Prepares the layer for GBA-specific quantization, configuring buffers for scales, zero-points, and statistics for double quantization if enabled. GBA quantization allows for fine-tuned control over the quantization process, accommodating asymmetric quantization and providing additional parameters to adjust for different model versions and requirements.

init_gptq() None[source]

Initializes parameters and buffers specific to the GPTQ quantization method. This includes setting up zero-point buffers, scale factors, and ensuring asymmetric quantization is enabled. GPTQ, being a more general quantization approach, requires specific buffers to hold quantization parameters for accurate computation and minimal precision loss.

initialize() None[source]

Initializes layer parameters and quantization buffers. This method sets up the infrastructure for either GBA or GPTQ quantization methods, based on the layer configuration. It allocates memory for quantized weights, scales, zero-points, and other necessary buffers, ensuring they are ready for the quantization process.

prepare_params() None[source]

This method should be executed before the actual forward pass. It mainly decompress quantized parameters such as qscale and qzero. This step could be simplified or eliminated in the future by having a kernel implementation that can decompress during kernel computation.
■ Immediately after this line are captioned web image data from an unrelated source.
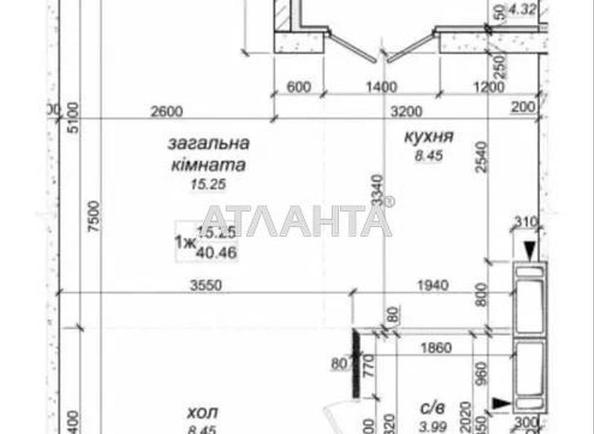 1-room apartment apartment by the address st. Prigorodnaya (area 40,5 m²) - photo 6 1-room apartment apartment by the address st. Prigorodnaya (area 40,5 m²) - Atlanta.ua - photo 6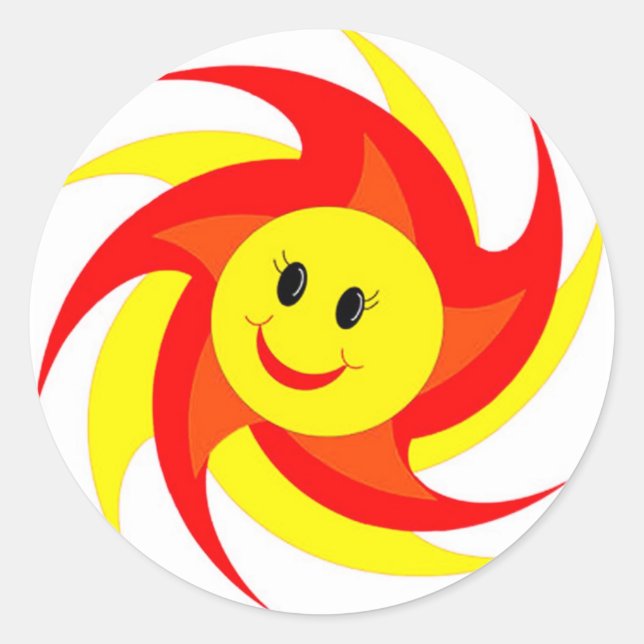 Sunny Face Stickers (Front)
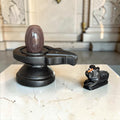 Authentic 2 Inch Narmadeshwar Shivling with Nandi
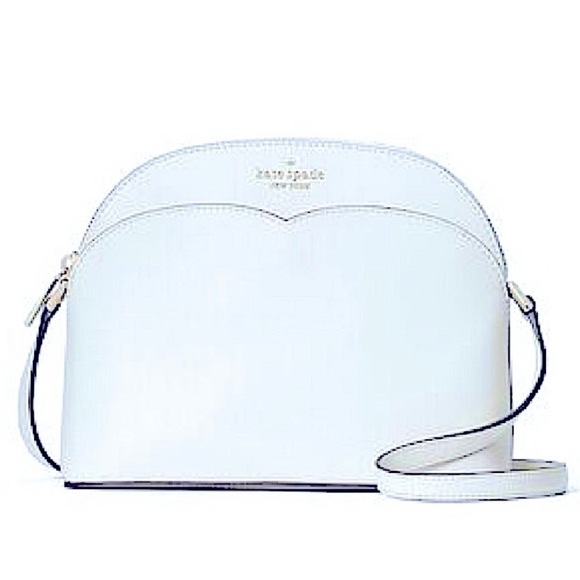 kate spade Bags New Kate Spade Payton Dome Crossbody In White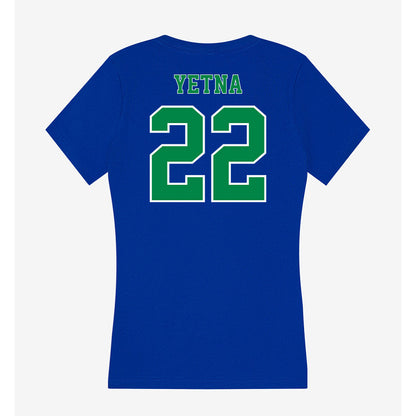 Texas A&M Corpus Christi - NCAA Men's Basketball : Franck Yetna - Women's V-Neck T-Shirt-1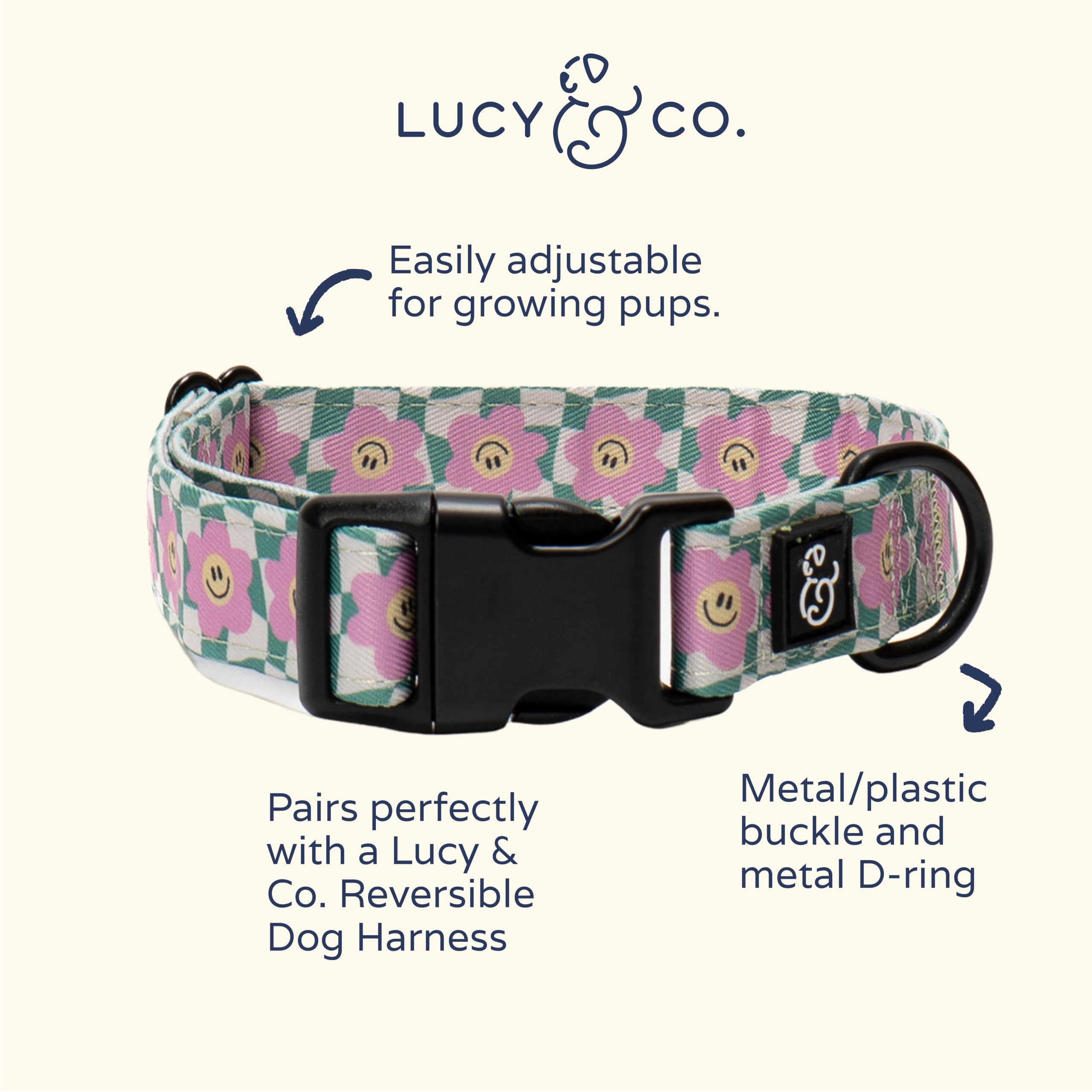 Lucy & Co. collar perro diseño multicolor para expresar personalidad.
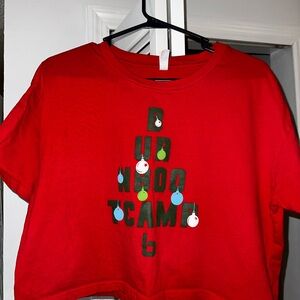 Burn Boot Camp Christmas Graphic Crop Top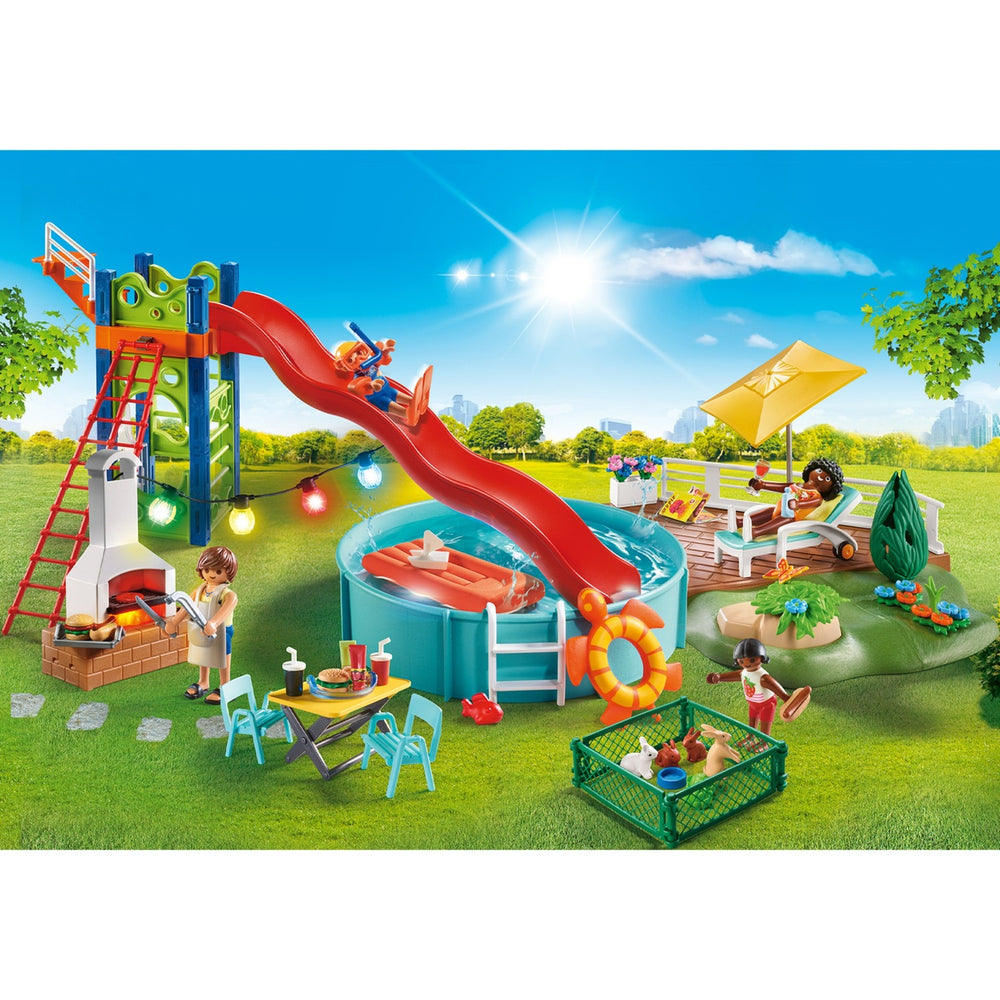 Playmobil City Life Swimming Pool Party mit Folie 70987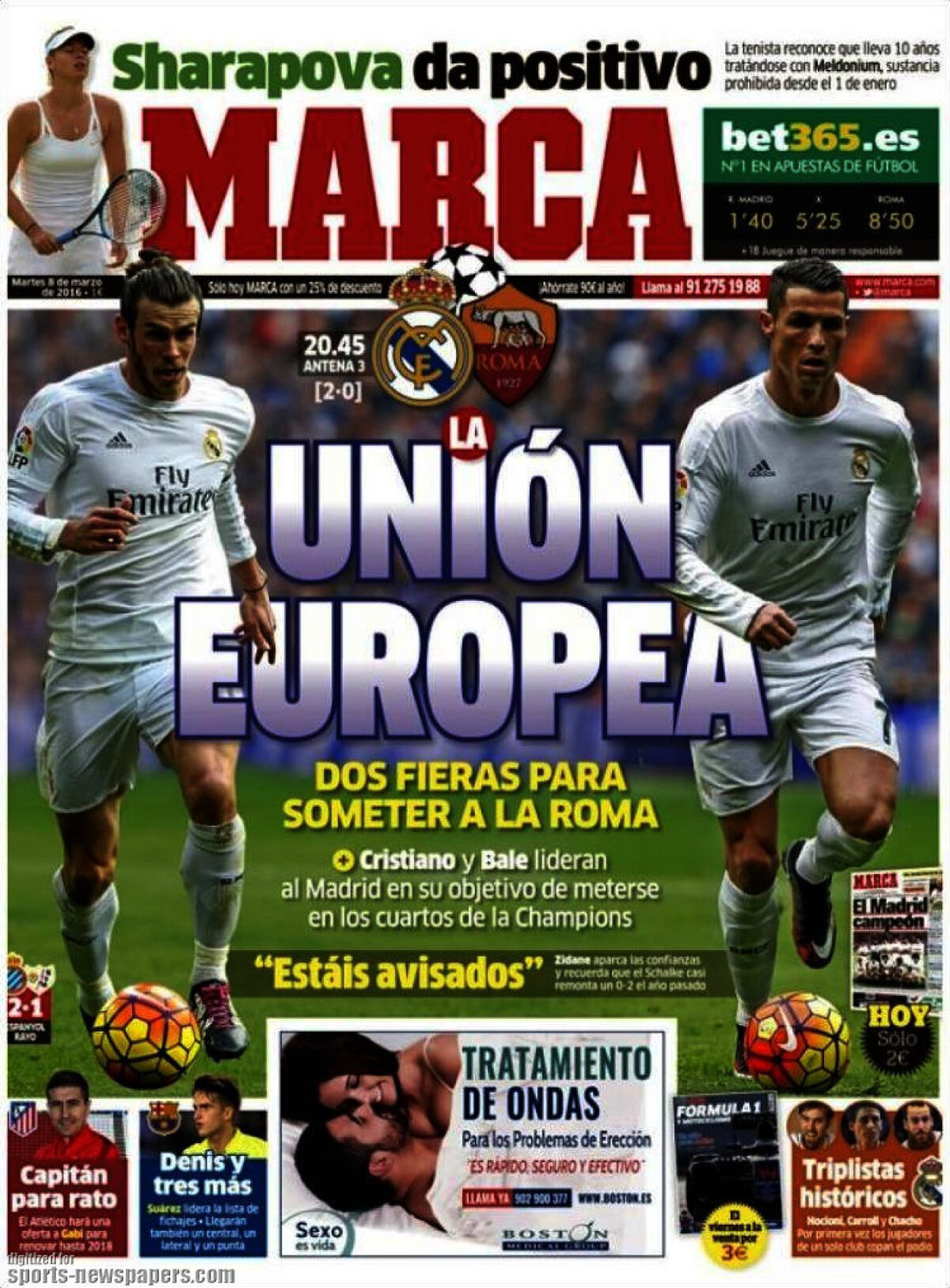 Ce scriu azi ziarele de sport din lume (8 martie 2016)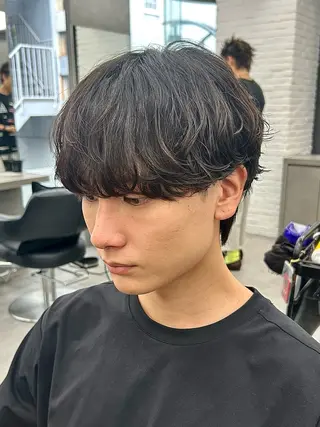 パーマ メンズ 韓国メンズヘア 🇰🇷つかさのヘアスタイル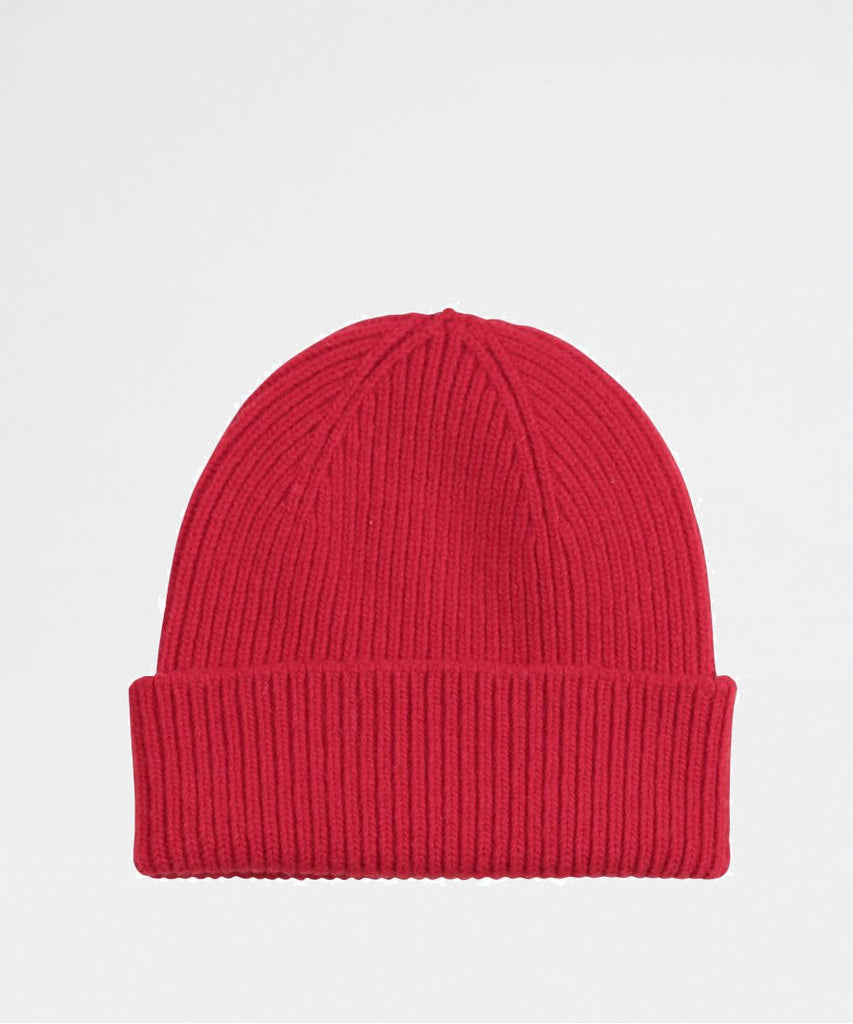 Colorful Standard Marino Wool Beanie Scarlet Red hats & scarves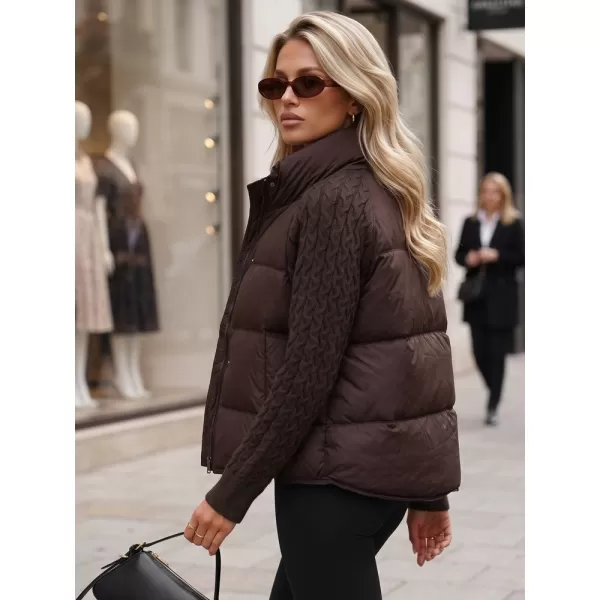 Ženska jakna DSTREET TY5931 RJAVA 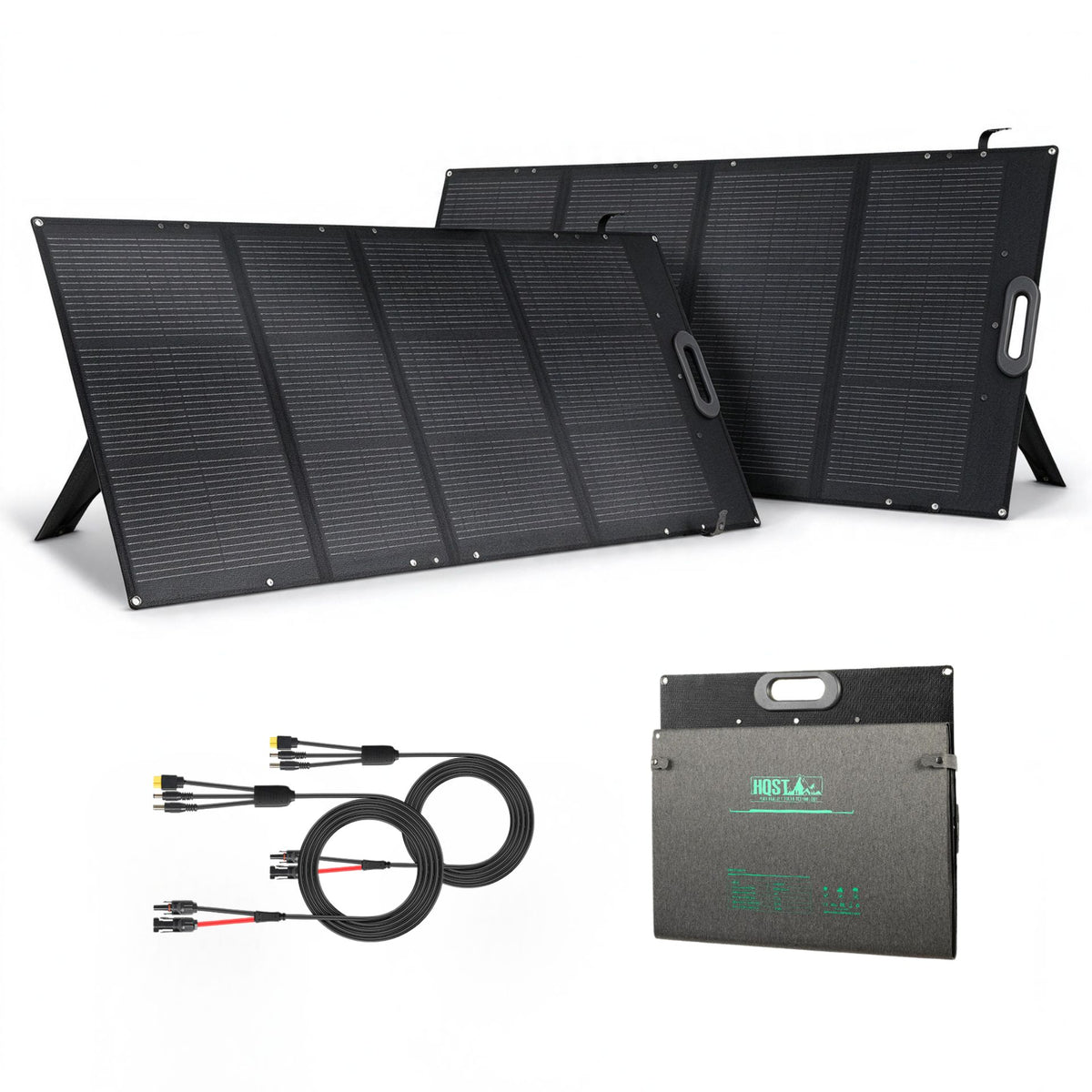 Ultra-Light 100W & 200W Foldable Portable Solar Panel | Up to 25% Cell Efficiency, IP67, 3-in-1 Adapter Cable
One can use “prepare_bie_layers” method from project_root.utils.model_helper to call this function.

Note

This method should be called before executing the forward pass, especially after loading the model from a checkpoint or before inference to ensure that quantized parameters are correctly prepared.

Raises:

NotImplementedError – Indicates that the method has not been implemented yet and should be provided by subclasses.

set_qweight_data(data: Tensor) None[source]

Updates the quantized weight tensor with new data. This method is crucial for adjusting the quantized weights based on training or fine-tuning processes, ensuring the layer’s weights reflect the most recent updates.

Parameters:

data (torch.Tensor) – The new quantized weight data to be set in the layer.